Yoga and Mindfulness for children and Teens.
In my Yoga classes we have a mix of energetic games and movement and some slowing down and quiet time. The children actually love the slow, relaxing activities and start to ask for them when practiced regularly. It takes starting small, making it accessible and making it enjoyable. In this blog I will share with you some of the methods I use to practice quiet and calm in my classes and at home.
It sounds so simple but there is so much fun that can be had with the breath with a huge range of benefits. When children are focused on their breath, they are taking time to be in stillness, to check in with themselves and to calm the nervous system, which is still developing in children. The breath can be used to help to relax the body and to increase oxygen supply. It is also a great tool for helping us to lift our mood, relieve anxiety and can help us in different yoga postures.
For younger children, practicing breathwork is going to be more focused around smelling, using fun props (see next section) and visuals where as with older children you can dive deeper into proper techniques. Here are a few examples:
Younger Children: Flower Breath
See Video: Here
Join your pinky fingers, thumbs and the base of your palms together to form a flower. Bring the flower up to your nose to take a big smell. What colour is your flower? Do you have a favourite flower? What does it smell like? Repeat a few times.
Older Children - Breath of Fire
See Video: Here
This is a fun way to get children practicing breath of fire otherwise known as Kapalabhati.
The inhale is just a natural breath in and the exhale is rapid and focuses on those abdominal muscles contracting.
The breath in matches the length of the breath out.
This breathing practice is great for exercising the respiratory muscles, improving focus, digestion, letting go of stress and strengthening abdominal muscles.
Props are a great way to get in some quiet time and to set the scene ready for some calm. It could be that you have a calm corner, a calm basket or a special blanket you use for relaxation. You can use props to help with breathwork such as a breathing ball, pom poms and paper straws.
You could use eye pillows, mindfulness cards, glitter jars, rain sticks, sound bowl, bell, rolling up in your yoga mat, magic stones or crystals etc. There are so many different ways you can utilize the use of props.
Here is one example:
Pom Pom obstacle course
Create a little obstacle course that the child can then use a paper straw to blow a pom pom or cotton ball from the start line to finish line. You can make this easy and get more challenging as you go. You can also play this by just doing this from one end of the yoga mat (or table) to the other.
Who says quiet time can't be fun? Here are a few of my favourite quiet games for groups.
Everyone sits in a line. Write down a sentence - this could be an affirmation, a quote or even a tongue twister. Then give this bit of paper to the person at the back OR just whisper it to them. They then lean forward and whisper it to the person in front of them. They can't repeat it so whatever the person in front thought they heard they pass on to the person in front of them. It keeps going and then the person at the front stands up and shares what they heard with the rest of the group. The person at the back can then let everyone know how much the original message changed (if it did at all). Everyone must be quiet in this game to allow for the message to be heard so it is a great way to practice patience, sitting in stillness and quiet.

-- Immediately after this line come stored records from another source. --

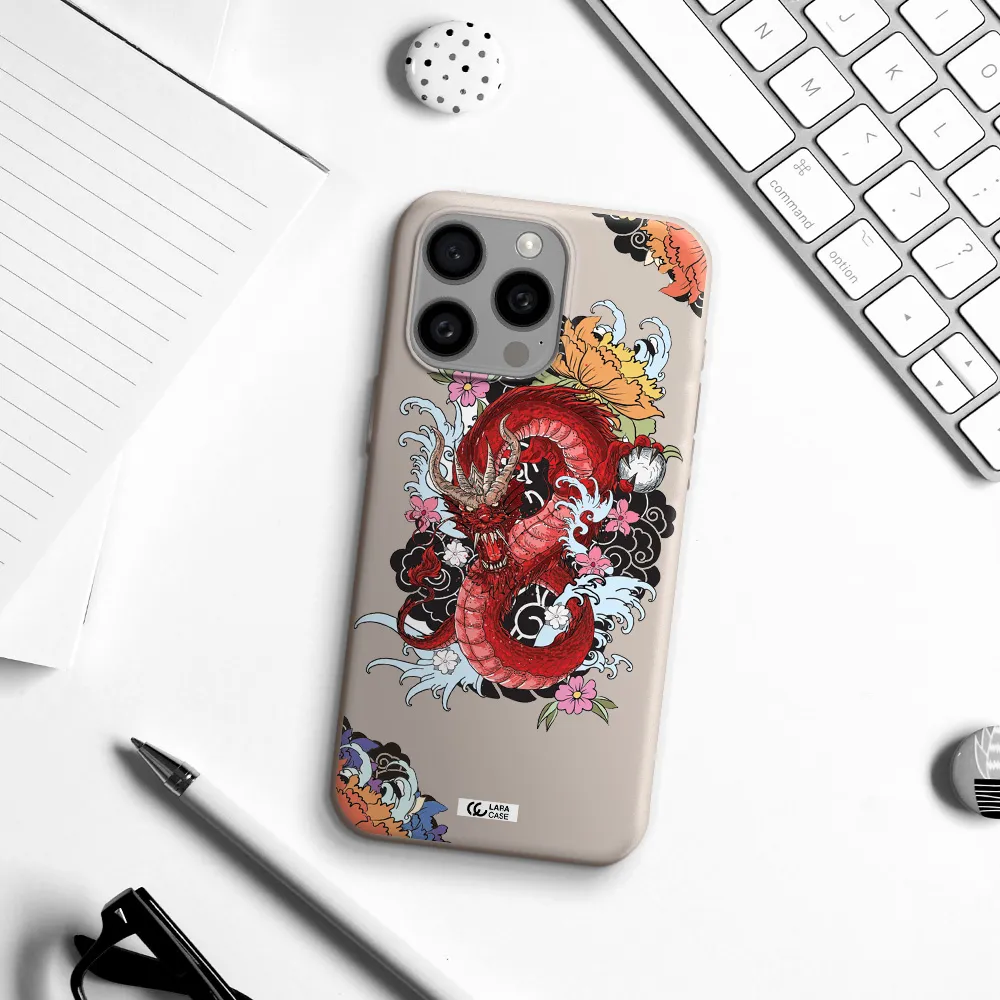 a red dragon with flowers and clouds Apple Iphone 15 Pro max Silicone Stone Case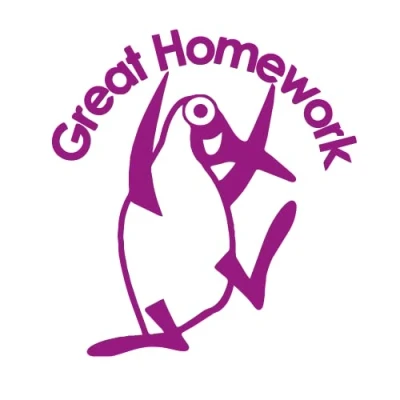 Image of SuperStickers &#039;Great Homework&#039; Pre Inked Teacher Stamp for Marking in Purple Ink with Penguin Image.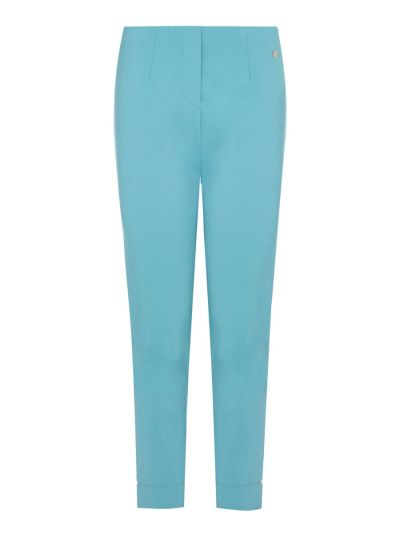 PENNY PLAIN  Turquoise Cropped Bengaline Trousers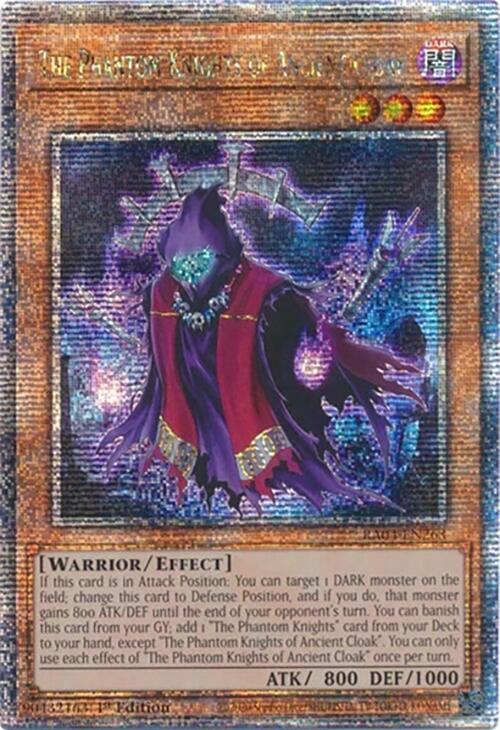 The Phantom Knights of Ancient Cloak [RA04-EN263] Quarter Century Secret Rare | Chromatic Games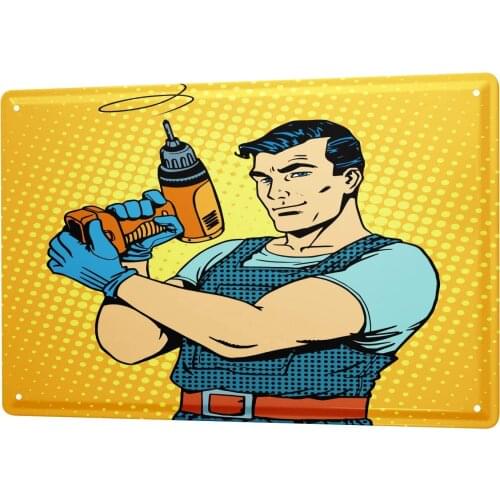 SINCE 2004 Metal Sign Cartoon Fun Craftsman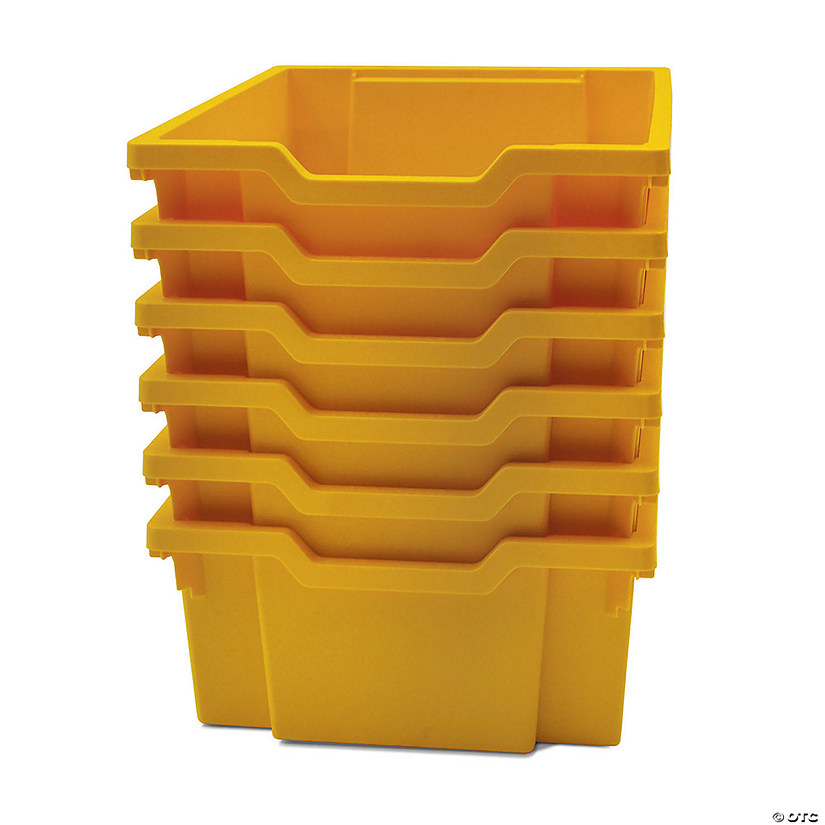 Gratnells Deep F2 Tray, Sunshine Yellow, 12.3" x 16.8" x 5.9", Heavy Duty School, Industrial & Utility Bins, Pack of 6 Image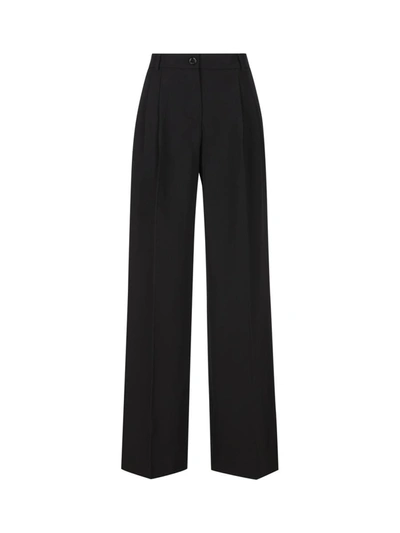 Dolce & Gabbana Womens High-rise Wide-leg Wool Trousers Melange Grigi In Black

Everyone sits in a circle, encourage them to sit up tall but comfortable. One soft toy is then passed to who ever is sitting the quietest. That child then takes a moment to hug the toy, take a few breaths and then must pass it to another child who is being nice and quiet. This game works really well for younger children. Be sure that everyone gets a turn, if someone is struggling to be quiet, don't punish them by not giving them a turn, help them instead.
Story time is a great opportunity for quiet and relaxation. This could be a short fable or a story book, you could even read a guided relaxation. So many options with this one. Story time is great before bedtime for a reason, it can really help a child to relax, calm and focus.
We have included all kinds of stories in my Yoga classes such as Fox makes Friends by Adam Relf, A child's version of The Wizard of Oz, Listening with my Heart by Gabi Garcia and so much more.